Sharese King (Linguistics) received her PhD and MA in linguistics from Stanford University.

King’s dissertation is titled “Exploring Social and Linguistic Diversity Across African Americans from Rochester, New York” and her BA—in linguistics with a minor in American Sign Language—is from the University of Rochester.

Khalid Lyamlahy (Romance Languages and Literatures) is currently completing a DPhil in French and Francophone literature from the University of Oxford (St Anne’s College).
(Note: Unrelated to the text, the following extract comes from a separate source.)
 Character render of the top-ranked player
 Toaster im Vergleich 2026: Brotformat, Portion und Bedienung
Lyamlahy’s thesis is titled “From Revolt to Nostalgia: Rethinking the Moroccan postcolonial malaise with Mohamed Khaïr-Eddine, Abdelkebir Khatibi and Abdellatif Laâbi.” He received a master’s degree in comparative literature from the New Sorbonne University (University of Paris III), where he completed his undergraduate degree in modern languages. He also holds a master’s degree in engineering from the École des Mines d’Alès engineering school in southern France and has previously worked as a consultant and project manager in Paris and London. His research interests include contemporary fiction and poetry in French, literary theory, and translation, especially in North Africa. Besides his academic work, he has published a novel, Un Roman Etranger (Paris: Présence Africaine Editions, 2017).
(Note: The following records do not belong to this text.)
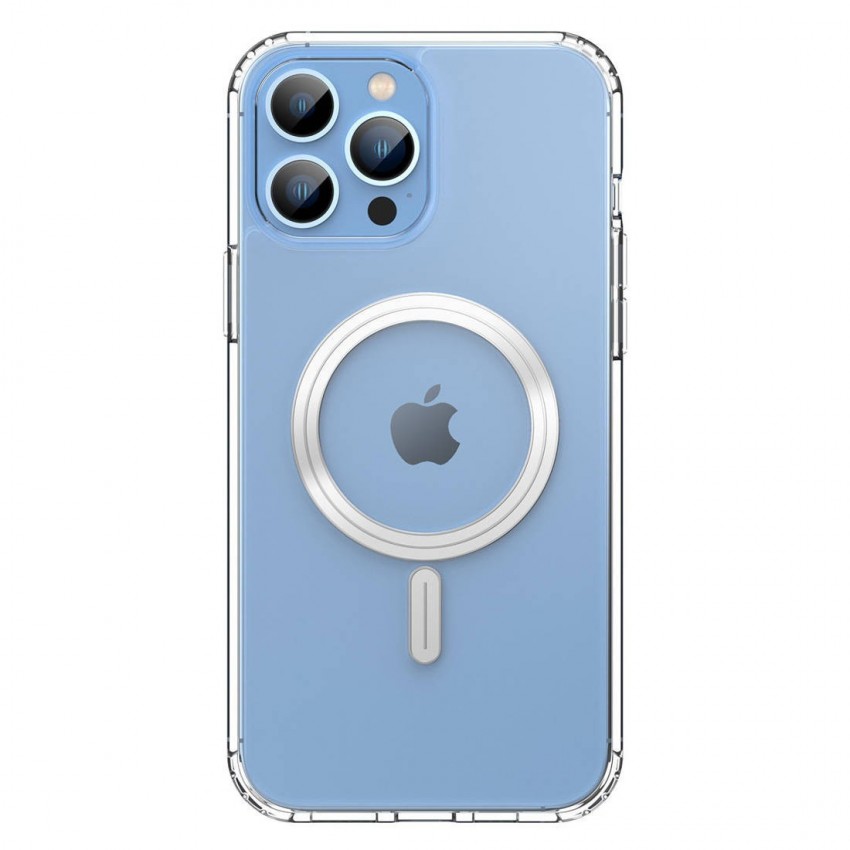 Telefoniümbris Dux Ducis Clin Magsafe Apple iPhone 14 Plus läbipaistev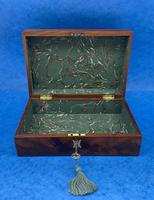 Georgian Flame Mahogany Box c.1820 (10 of 10) Georgian Flame Mahogany Box c.1820 (10 of 10)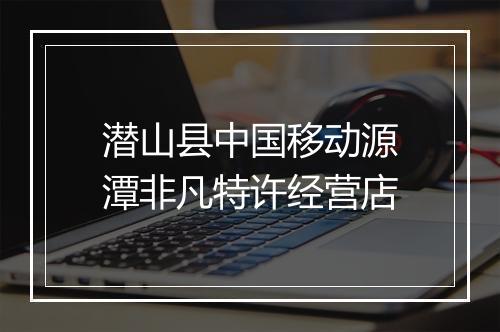 潜山县中国移动源潭非凡特许经营店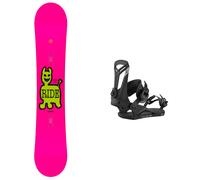 RIDE - Attacchi snowboard all-mountain Uomo - Pack Kink 2026 - Rosa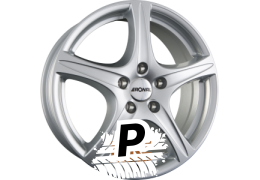 RONAL R56 Kristallsilber 8.00 x 17 ET 30.00 5x112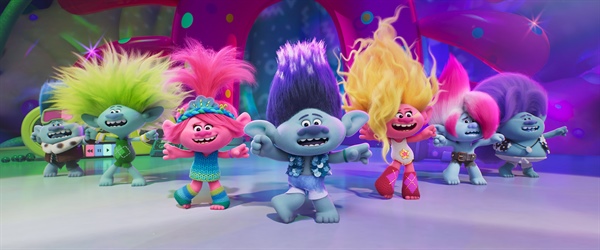 FEATURED MOVIE REVIEW: Trolls Band Together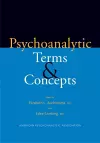 Psychoanalytic Terms and Concepts cover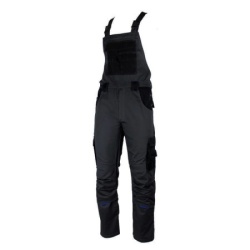 Lacuna radne farmer pantalone north tech sivo plave veličina 64 ( 8nortbh64 )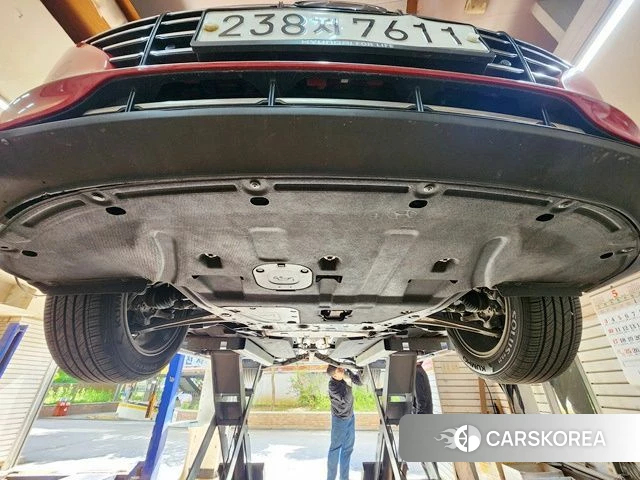 Hyundai Sonata (DN8) 2019 Красный из Кореи, фото 2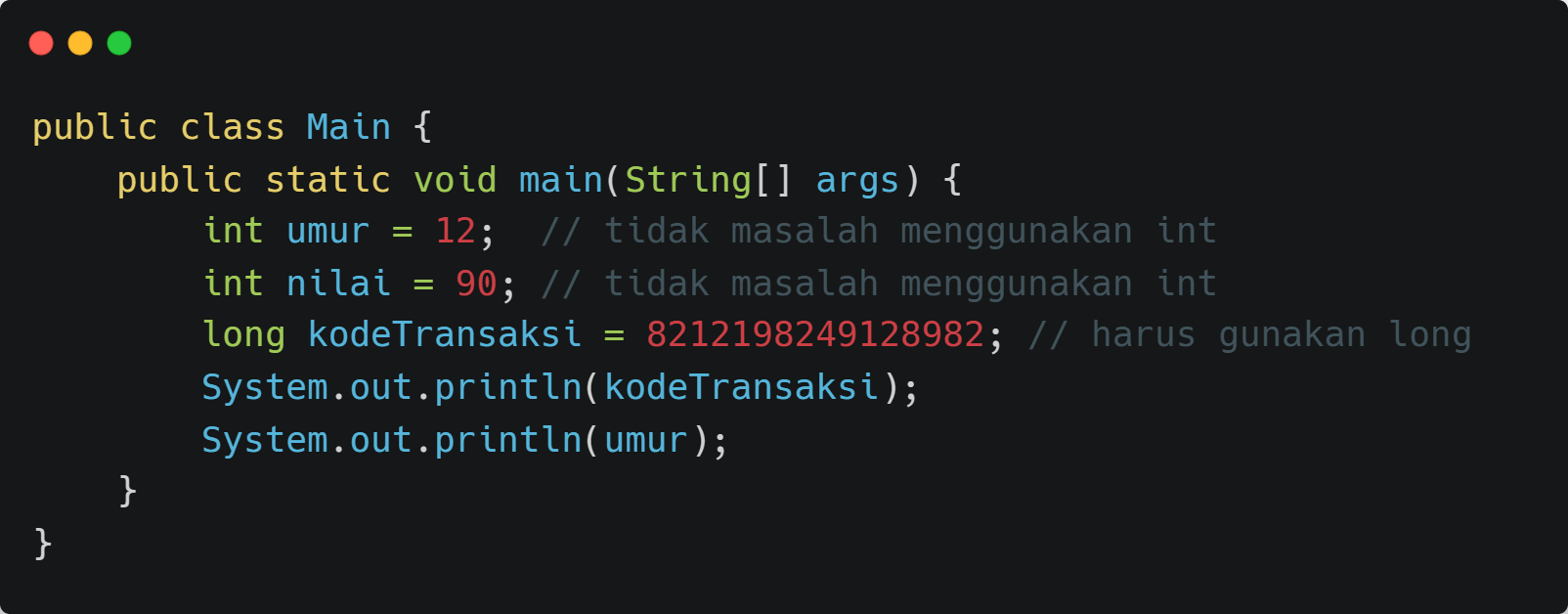 Mengenal Tipe Data Floating Point Real Double Pada Ja Vrogue Co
Kaneesha Parsard (English Language and Literature) comes to UChicago after an Andrew W. Mellon Postdoctoral Fellowship at Northwestern University. She received a PhD, MA, and MPhil in American studies and African American studies and a doctoral certificate in women’s, gender, and sexuality studies, all at Yale University.
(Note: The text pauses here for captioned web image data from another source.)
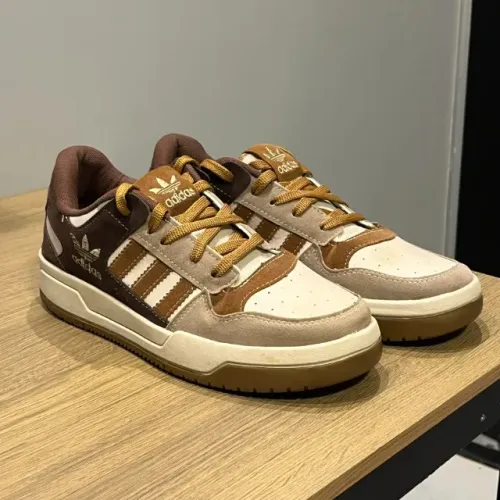Tênis Adidas Forum Marrom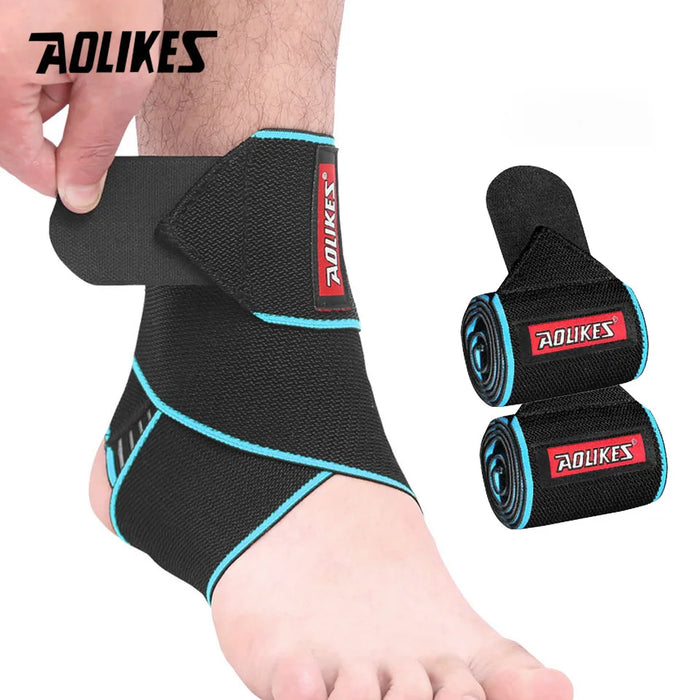 Adjustable Ankle Brace For Men & Women Compression Sleeve For Comfortable Support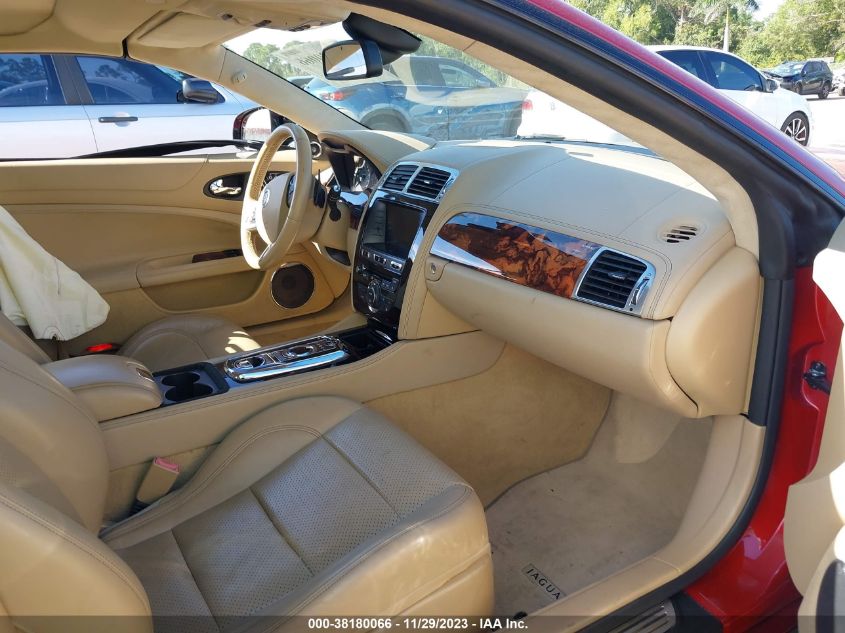 2014 JAGUAR XK SAJWA4GB9ELB52990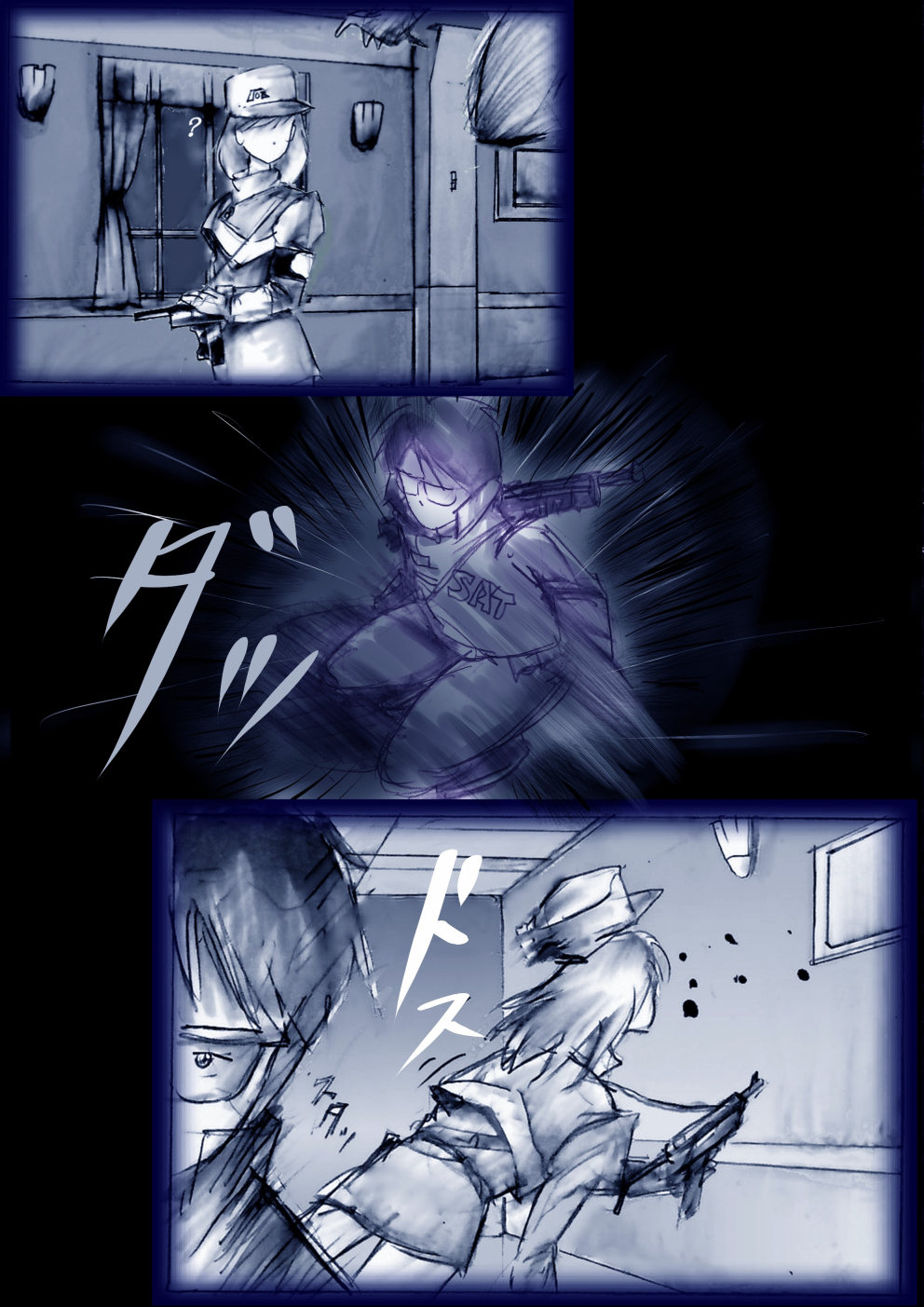 Tokkei Daiyon Shoutai Manabu Taichou no Nyotai Kanraku page 96 original parody - big breasts gender bender hentai manga - read online free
Parsard’s research examines the aftermath of slavery and Indian indentureship in the literature and visual culture of the English-speaking Caribbean. She received a fellowship from the American Council of Learned Societies to complete her dissertation, “Improper Dwelling: Space, Sexuality, and Colonial Modernity in the British West Indies, 1838–1962.” Her BA, in English and Africana Studies, is from the University of Pennsylvania.

Julia Phillips (Visual Arts) received her MFA from Columbia University and completed the Whitney Museum’s independent study program for studio art.

Phillips holds a diploma from the Academy of Fine Arts in Hamburg, Germany, where she was born and raised. Alongside a semester at Complutense University in Madrid, she has attended international residency programs, such as Vila Sul in Salvador, Brazil. As a visual artist, she primarily works with ceramics and metal, creating pieces reminiscent of functional objects. Her sculptures often incorporate body casts alongside mechanical accoutrements, interrogating physical relations as metaphors for social dynamics. More recently, her work has been inspired by historical personages such as Josephine Baker and Escrava Anastacia. Her exhibitions include Failure Detection—her first institutional solo exhibition—at MoMA PS1, and she also participated in the 10th Berlin Biennale, “We don’t need another hero,” and the New Museum Triennial, “Songs for Sabotage.”

Tina Post (English Language and Literature) holds a PhD, MA, and MPhil from Yale University in American studies and African American studies.

Post’s dissertation is titled “Deadpan Aesthetics in Black Expressive Culture.” She also received an MFA in creative writing and literary arts (nonfiction) from the University of Alaska–Anchorage, and her BA—from Wells College—is in English literature.

Erik Zyman (Linguistics) received his PhD in linguistics from the University of California–Santa Cruz.

Zyman’s dissertation is titled “On the Driving Force for Syntactic Movement.” His undergraduate degree, also in linguistics, is from Princeton University. Zyman is a theoretical syntactician: he seeks to determine the rules and principles governing how words (and smaller linguistic units) can and cannot be combined to form larger units, how these rules and principles do and do not vary across languages, and what their cognitive (and other) underpinnings are. A major priority of Zyman’s research is identifying, as precisely as possible, the elementary operations that build the syntactic structures of human language and determining why they have the properties they do.